*SUPPLIED MATERIAL*.
>>>>>
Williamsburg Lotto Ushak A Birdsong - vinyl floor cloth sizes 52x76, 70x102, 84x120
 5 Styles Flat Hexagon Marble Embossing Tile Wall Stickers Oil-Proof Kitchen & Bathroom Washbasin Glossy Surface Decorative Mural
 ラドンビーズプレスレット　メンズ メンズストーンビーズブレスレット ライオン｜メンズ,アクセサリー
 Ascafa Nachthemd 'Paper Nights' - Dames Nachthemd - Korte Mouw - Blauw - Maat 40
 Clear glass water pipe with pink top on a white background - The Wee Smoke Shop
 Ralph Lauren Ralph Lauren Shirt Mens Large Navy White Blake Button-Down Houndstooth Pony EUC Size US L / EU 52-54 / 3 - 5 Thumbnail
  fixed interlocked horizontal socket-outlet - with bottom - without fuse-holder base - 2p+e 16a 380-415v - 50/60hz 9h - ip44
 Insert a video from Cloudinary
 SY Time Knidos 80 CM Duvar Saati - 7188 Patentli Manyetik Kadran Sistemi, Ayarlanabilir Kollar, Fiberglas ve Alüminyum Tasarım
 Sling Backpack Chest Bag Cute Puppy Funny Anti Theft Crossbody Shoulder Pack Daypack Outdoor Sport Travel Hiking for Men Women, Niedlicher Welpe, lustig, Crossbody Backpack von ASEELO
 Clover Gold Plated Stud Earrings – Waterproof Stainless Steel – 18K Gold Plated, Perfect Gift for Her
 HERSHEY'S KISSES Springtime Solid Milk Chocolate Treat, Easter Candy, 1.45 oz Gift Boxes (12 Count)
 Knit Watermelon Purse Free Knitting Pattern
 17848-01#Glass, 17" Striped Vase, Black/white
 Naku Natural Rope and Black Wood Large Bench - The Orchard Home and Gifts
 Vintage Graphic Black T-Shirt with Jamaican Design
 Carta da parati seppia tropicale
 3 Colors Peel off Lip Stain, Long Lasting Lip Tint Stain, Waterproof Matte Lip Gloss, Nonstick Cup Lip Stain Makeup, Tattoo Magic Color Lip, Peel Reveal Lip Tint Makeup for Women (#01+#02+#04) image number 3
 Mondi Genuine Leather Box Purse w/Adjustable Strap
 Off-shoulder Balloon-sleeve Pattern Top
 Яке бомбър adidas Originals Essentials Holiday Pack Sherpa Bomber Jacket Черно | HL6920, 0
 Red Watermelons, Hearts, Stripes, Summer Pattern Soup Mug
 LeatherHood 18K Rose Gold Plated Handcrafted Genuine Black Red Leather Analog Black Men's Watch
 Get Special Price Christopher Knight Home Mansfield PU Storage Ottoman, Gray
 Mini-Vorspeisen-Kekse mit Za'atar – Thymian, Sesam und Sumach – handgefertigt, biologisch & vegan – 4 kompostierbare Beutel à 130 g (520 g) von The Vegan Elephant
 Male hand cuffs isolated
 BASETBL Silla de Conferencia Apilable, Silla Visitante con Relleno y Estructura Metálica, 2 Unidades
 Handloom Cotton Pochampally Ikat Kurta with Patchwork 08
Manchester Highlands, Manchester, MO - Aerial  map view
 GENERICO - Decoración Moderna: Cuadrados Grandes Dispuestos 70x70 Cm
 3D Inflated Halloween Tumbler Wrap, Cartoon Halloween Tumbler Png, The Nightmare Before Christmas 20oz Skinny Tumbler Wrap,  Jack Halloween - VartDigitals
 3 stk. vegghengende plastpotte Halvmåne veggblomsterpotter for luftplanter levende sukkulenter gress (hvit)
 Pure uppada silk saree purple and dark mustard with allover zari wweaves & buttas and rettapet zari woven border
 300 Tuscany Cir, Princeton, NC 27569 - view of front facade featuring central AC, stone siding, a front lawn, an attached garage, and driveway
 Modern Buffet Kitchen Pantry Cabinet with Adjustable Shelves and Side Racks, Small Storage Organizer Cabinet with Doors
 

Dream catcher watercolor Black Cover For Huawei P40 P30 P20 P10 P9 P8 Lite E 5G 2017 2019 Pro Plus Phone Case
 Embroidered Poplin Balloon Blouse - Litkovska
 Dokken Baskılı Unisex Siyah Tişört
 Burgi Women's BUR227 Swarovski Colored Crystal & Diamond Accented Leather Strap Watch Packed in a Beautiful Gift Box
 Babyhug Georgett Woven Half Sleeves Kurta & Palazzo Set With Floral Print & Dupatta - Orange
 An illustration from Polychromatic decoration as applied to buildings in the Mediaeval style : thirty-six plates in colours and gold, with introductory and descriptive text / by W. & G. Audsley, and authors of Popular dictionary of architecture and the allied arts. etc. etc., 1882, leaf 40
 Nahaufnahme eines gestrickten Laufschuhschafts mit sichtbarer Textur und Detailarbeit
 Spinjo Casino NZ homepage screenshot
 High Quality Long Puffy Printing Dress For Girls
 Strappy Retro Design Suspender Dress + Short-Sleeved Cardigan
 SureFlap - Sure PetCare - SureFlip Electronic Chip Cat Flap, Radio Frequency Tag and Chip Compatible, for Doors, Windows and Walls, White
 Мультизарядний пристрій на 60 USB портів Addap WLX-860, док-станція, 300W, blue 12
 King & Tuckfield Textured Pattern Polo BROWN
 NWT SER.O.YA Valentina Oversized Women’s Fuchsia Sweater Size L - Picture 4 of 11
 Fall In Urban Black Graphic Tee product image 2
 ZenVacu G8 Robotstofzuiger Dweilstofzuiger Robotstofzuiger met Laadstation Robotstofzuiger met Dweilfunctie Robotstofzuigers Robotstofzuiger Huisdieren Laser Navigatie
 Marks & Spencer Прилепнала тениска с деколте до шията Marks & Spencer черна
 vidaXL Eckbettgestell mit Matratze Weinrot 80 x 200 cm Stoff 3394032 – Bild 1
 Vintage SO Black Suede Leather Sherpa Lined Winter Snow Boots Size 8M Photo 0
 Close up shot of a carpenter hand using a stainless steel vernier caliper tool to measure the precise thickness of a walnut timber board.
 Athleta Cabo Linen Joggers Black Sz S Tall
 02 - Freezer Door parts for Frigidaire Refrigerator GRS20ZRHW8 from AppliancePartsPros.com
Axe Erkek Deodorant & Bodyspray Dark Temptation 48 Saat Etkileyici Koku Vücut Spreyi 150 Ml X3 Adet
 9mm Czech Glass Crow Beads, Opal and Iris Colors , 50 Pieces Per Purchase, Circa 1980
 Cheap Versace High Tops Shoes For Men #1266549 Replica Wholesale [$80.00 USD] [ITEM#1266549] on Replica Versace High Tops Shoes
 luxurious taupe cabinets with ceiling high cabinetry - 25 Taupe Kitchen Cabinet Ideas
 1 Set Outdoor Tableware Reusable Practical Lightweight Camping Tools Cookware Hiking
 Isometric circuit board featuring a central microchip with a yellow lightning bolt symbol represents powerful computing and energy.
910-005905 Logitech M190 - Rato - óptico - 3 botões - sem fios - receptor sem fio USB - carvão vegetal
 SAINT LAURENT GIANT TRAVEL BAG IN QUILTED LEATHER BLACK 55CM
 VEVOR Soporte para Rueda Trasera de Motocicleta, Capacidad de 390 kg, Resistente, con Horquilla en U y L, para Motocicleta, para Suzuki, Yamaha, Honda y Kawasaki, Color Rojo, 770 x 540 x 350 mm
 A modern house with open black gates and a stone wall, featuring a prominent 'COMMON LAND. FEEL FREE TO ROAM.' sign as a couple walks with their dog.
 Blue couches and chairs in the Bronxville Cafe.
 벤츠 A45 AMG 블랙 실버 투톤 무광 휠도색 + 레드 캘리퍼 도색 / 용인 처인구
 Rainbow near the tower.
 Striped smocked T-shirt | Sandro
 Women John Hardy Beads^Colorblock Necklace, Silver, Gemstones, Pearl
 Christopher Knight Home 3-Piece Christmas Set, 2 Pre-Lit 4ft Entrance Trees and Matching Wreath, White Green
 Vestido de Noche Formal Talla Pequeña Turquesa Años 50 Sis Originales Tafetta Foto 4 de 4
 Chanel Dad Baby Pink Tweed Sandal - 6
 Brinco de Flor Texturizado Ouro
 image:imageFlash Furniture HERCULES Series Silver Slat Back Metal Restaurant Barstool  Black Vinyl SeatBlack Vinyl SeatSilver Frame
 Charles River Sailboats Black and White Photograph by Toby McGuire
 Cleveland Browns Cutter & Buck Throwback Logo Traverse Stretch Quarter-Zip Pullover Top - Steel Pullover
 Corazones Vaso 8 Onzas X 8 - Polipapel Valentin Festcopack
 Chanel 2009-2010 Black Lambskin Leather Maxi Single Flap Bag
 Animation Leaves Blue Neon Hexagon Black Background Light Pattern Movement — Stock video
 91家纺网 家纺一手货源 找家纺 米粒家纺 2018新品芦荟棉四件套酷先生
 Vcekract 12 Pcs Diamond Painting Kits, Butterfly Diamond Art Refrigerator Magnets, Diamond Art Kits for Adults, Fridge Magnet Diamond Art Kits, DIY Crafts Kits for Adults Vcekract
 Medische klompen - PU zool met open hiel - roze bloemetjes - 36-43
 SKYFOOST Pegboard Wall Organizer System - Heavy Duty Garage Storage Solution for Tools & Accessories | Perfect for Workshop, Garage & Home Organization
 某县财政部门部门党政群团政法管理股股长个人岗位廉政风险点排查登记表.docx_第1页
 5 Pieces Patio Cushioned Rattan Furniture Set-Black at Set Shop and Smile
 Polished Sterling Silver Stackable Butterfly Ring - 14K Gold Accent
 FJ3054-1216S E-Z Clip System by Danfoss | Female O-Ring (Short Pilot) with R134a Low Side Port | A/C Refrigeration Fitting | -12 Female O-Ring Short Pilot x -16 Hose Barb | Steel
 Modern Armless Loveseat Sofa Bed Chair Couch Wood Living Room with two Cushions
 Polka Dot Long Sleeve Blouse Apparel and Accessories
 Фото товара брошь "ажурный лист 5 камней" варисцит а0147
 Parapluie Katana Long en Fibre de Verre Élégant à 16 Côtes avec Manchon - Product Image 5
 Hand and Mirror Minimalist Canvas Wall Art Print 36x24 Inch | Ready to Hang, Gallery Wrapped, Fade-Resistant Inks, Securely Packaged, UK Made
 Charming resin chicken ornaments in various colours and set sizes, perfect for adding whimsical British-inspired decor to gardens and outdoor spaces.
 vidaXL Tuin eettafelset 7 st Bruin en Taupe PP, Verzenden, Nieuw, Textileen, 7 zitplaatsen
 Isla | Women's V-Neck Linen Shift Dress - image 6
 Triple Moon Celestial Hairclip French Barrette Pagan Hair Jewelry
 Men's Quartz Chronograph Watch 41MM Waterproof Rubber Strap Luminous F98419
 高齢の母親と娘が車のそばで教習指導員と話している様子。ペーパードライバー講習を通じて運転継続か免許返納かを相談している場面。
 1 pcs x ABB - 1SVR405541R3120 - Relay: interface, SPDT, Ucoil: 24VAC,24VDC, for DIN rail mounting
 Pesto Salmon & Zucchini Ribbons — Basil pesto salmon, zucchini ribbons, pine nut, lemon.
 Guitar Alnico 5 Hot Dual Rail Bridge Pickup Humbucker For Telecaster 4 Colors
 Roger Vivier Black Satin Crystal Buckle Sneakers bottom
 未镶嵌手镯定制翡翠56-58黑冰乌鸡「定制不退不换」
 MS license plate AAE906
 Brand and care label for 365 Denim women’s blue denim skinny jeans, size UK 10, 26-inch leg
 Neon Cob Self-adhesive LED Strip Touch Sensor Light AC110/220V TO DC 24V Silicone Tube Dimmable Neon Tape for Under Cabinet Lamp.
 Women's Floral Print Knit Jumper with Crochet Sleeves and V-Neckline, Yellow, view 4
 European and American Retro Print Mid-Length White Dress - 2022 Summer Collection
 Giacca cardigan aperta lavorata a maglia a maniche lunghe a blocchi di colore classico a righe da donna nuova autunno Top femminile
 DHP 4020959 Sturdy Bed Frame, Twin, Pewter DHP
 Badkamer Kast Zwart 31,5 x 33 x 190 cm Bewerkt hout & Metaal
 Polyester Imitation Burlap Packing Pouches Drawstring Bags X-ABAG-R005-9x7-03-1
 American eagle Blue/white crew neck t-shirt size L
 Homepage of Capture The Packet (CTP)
<<<<<
*TASK REQUIREMENTS*. For every line in the listing above that mentions the word "video", make a copy.

*WRITTEN RESPONSE*.
 Insert a video from Cloudinary
 Animation Leaves Blue Neon Hexagon Black Background Light Pattern Movement — Stock video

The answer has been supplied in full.